Desde que hace una semana conmemoráramos la entrada de Jesús en Jerusalén, el misterio de la Pasión y Muerte del Señor presenta su culmen y único sentido en el hecho histórico de su Resurrección, fundamento único de nuestra Fe. A este acontecimiento histórico se le une otro “anterior” en los planes del Padre, esencial y exclusivo, de carácter meta-histórico, en el que resulta imposible penetrar si no es mediante la experiencia previa de la Fe. Curiosamente es este carácter trascendente de la Resurrección el que hace creíble el hecho histórico. Todo aquello que creemos, en Quien creemos, porqué creemos, absolutamente todo, dimana única y exclusivamente de la Luz que irradia la Resurrección. Sin ella no habría sido posible la Fe, la Esperanza y la verdadera Caridad.

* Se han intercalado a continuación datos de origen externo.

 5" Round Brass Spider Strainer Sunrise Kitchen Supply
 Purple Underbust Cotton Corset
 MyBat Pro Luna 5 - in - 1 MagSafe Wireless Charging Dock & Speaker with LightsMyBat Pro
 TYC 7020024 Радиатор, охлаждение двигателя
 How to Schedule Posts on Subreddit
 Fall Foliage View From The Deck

El sepulcro vacío es una circunstancia que en ningún modo se antoja mínimamente suficiente para creer que el Señor ha resucitado. Las vendas por el suelo, ninguna prueba material que demostrara la ausencia del cuerpo de Jesús, tiene entidad para darnos la certeza de que quien allí se encontraba ha resucitado. Es la dimensión divina de un hecho al que la razón humana no puede llegar a alcanzar porque se trata de una acción que proviene exclusivamente de Dios Padre. “Por lo cual Dios también le exaltó hasta lo sumo, y le dio un nombre que es sobre todo nombre, para que en el nombre de Jesús se doble toda rodilla de los que están en los cielos, y en la tierra, y debajo de la tierra; y toda lengua confiese que Jesucristo es el Señor, para gloria de Dios Padre”. (Flp. 2, 9-11)

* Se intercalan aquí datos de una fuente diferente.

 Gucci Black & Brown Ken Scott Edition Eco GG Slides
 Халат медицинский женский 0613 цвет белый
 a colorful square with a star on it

La Resurrección es el Acontecimiento que nos convierte en seres para la vida y sin embargo, cuánto le cuesta al hombre remontar el sentido fatal de la existencia, aquél que tiene a la muerte como su única y amarga compañera final. Si nuestra existencia acabara con la muerte para siempre, la vida, única realidad que nos define, se convertiría paradójicamente en una experiencia inhumana, en un insulto a la propia vida y nosotros los creyentes seríamos además los más desgraciados (I Cor, 15,19) pues habríamos apostado de manera radical por algo inexistente dejando de lado parte de lo legítimo y naturalmente bueno que esta vida nos regala, optando por aquello que lo trasciende.
La Resurrección es el final feliz de la historia admirable de amor de Dios a los hombres. La recompensa que el Padre tiene reservada al Hijo por haberse entregado como cordero llevado al matadero, vaciándose de sí mismo para salvar lo que por el pecado estaba perdido. La Resurrección es el fundamento de nuestro Credo, no solo porque quien con su resurrección demostró ser Dios, cuestiones ambas de Fe, sino porque desde ese momento, la perspectiva de la Historia y la visión que tiene el hombre sobre sí mismo adquieren un sentido radicalmente nuevo; y esa novedad consiste en saberse sujeto de Eternidad, siendo este ya su mayor e irrenunciable anhelo. El sepulcro vacío no es sino la prueba inicial de que con la Resurrección todos los seres humanos hemos nacido ya a una Vida nueva, en una Tierra nueva.